La triste réalité est qu’à
l’instar d’un certain libéralisme économique en usage outre-Atlantique, notre
société se trouve progressivement gagnée par la mode de la « consommation
affective ». On se rencontre, on se connaît, on se consomme, mais ensuite
invariablement on se quitte, car le désir ne saurait remplacer l’amour
véritable, celui qui crée le manque de l’autre, qui nous tient éveillé la nuit,
qui donne naissance à autant de chaleur que de frissons et fait battre le cœur
avec une intensité inégalée. Bref, cet amour naïf que l’on ne maîtrise pas
toujours, qui se développe au moment où l’on s’y attend le moins - si possible de
manière saugrenue -, qui nous pousse à nous couvrir de ridicule mais qui porte
en lui, au fond, un délicieux goût d’absolu.
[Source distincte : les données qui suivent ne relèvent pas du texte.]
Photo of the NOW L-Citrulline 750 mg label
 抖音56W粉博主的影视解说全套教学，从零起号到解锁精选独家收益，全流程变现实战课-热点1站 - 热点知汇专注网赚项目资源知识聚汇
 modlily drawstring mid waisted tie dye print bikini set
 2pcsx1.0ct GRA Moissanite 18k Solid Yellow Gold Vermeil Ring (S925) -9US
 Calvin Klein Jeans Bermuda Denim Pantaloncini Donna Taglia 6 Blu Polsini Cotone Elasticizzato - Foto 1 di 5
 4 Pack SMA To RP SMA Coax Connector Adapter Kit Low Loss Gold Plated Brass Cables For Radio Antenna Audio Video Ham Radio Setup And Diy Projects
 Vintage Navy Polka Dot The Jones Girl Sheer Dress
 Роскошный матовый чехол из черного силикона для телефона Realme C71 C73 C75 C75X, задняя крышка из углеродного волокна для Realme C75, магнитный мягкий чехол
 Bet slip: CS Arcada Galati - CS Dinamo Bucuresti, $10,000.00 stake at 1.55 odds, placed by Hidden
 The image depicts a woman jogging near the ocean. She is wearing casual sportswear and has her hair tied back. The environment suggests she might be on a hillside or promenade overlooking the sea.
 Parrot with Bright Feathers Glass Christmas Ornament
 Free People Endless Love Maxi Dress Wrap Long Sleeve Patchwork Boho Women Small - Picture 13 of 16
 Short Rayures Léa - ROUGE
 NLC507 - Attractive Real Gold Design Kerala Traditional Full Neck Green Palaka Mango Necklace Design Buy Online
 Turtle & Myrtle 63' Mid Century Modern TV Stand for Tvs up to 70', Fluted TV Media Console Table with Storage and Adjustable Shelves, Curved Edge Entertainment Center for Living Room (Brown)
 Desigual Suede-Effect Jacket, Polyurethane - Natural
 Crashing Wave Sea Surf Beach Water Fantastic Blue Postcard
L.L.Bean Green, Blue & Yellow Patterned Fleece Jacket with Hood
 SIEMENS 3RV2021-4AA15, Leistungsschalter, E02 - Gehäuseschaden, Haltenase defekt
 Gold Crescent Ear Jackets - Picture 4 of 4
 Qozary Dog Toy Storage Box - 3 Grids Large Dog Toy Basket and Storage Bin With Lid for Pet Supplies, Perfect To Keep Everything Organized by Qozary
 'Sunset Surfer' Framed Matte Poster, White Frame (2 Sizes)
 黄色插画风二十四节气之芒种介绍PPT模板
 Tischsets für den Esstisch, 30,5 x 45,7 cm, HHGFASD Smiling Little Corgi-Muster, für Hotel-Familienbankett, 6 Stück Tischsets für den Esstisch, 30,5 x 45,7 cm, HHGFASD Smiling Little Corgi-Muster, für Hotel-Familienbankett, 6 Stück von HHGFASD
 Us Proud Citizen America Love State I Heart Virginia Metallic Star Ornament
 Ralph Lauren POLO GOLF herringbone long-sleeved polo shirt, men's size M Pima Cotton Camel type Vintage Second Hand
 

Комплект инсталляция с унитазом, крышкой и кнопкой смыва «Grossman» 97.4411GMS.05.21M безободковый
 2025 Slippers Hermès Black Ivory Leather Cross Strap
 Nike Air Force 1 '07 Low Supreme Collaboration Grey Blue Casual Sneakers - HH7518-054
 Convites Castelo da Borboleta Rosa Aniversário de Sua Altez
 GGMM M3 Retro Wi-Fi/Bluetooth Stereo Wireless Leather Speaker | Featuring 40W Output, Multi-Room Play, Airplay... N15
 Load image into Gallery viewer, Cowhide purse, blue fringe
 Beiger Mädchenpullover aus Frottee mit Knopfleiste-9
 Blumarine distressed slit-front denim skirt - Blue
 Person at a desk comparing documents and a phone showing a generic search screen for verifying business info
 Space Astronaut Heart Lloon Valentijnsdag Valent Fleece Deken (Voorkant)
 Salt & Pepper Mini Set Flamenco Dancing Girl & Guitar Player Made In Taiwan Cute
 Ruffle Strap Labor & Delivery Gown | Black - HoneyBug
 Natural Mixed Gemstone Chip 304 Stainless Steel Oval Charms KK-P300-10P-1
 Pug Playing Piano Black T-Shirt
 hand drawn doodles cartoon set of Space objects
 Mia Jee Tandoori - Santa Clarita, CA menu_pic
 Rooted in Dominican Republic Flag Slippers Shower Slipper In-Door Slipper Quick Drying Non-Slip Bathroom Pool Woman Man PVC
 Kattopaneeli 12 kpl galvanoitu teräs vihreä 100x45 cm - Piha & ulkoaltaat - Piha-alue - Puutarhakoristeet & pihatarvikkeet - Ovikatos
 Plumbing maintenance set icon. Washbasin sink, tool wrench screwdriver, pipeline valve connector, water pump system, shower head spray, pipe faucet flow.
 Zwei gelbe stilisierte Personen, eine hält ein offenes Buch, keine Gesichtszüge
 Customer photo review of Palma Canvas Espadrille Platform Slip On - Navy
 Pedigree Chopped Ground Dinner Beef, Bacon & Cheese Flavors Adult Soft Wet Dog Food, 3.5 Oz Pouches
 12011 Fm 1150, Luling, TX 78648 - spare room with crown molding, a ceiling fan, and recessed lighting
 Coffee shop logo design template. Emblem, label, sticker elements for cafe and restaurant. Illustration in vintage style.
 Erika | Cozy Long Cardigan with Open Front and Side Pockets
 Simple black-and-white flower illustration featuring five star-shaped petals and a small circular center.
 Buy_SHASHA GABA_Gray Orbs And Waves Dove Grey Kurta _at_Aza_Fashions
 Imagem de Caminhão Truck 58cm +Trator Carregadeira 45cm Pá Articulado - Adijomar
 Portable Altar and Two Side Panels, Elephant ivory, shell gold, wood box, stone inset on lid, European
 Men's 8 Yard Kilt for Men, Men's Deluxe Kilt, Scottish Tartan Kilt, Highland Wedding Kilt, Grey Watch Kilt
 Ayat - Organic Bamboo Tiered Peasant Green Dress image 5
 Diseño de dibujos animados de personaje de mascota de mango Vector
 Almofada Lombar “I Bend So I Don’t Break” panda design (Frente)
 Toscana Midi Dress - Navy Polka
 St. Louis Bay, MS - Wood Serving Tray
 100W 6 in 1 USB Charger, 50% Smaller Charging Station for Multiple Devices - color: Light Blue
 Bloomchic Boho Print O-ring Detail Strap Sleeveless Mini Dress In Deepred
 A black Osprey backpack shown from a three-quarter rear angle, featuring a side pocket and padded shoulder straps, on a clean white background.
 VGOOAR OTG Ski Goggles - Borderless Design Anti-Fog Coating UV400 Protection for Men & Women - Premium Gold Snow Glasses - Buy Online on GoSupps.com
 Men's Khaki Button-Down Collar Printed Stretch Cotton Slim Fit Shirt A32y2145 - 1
Aussi, je vous le demande : cette "banalisation" des relations sexuelles entre adultes consentants peut-elle vraiment nous aider à augmenter nos chances de rencontrer plus facilement cette personne si chère à nos yeux ? Cette personne auprès de laquelle la vie est si douce que pour rien au monde nous ne
voudrions la quitter ? J'en doute fort : il semblerait bien qu’à l’heure du sexe facile,
l’amour véritable n’ait jamais été plus difficile à trouver. Et dans ce cadre,
je ne suis pas certaine que multiplier les conquêtes et aventures dans l’espoir
de s’approcher d’un idéal plus ou moins bien délimité soit une solution
vraiment constructive.
Car si effectivement le sexe peut s’acheter, le véritable amour, lui,
ne s’achète pas. Il se donne résolument, tout entier, de manière désintéressée et en pleine lumière. Bien sûr, un tel amour est parfois pollué par un chouia de jalousie, un
soupçon d’insécurité, une pointe de déception - personne n’est parfait. Mais il
survit généralement aux épreuves de la vie, en raison même de la profondeur et
de la sincérité qu’il porte en lui.
Est-il judicieux dans ce cas de déconnecter ainsi l’amour et le sexe ? Pour ma part, il s'agit d'une aberration car l’un
ne va pas sans l’autre. L’amour constitue un pré-requis, un prétexte, pour
aller plus loin et non l’inverse. Je ne peux accueillir un homme dans mes bras si
je ne l’aime pas au préalable, car l’acte d’amour est par définition la concrétisation
charnelle d’un attachement spirituel et intellectuel. La même règle s’applique
à tous les contacts physiques, qu’ils soient fugaces ou plus appuyés. A contrario, que l’être aimé rentre dans la pièce et mon sang ne fait qu’un tour ; qu’il me regarde avec tendresse et mon cœur frémit de joie ; que sa main frôle
la mienne et un délicieux frisson m’envahit. Ce n’est pas plus compliqué que cela :
à mes yeux, l’excitation née du désir effréné de satisfaction personnelle ne
pourra jamais rivaliser avec les sensations décuplées que l’on éprouve au contact de l’être aimé.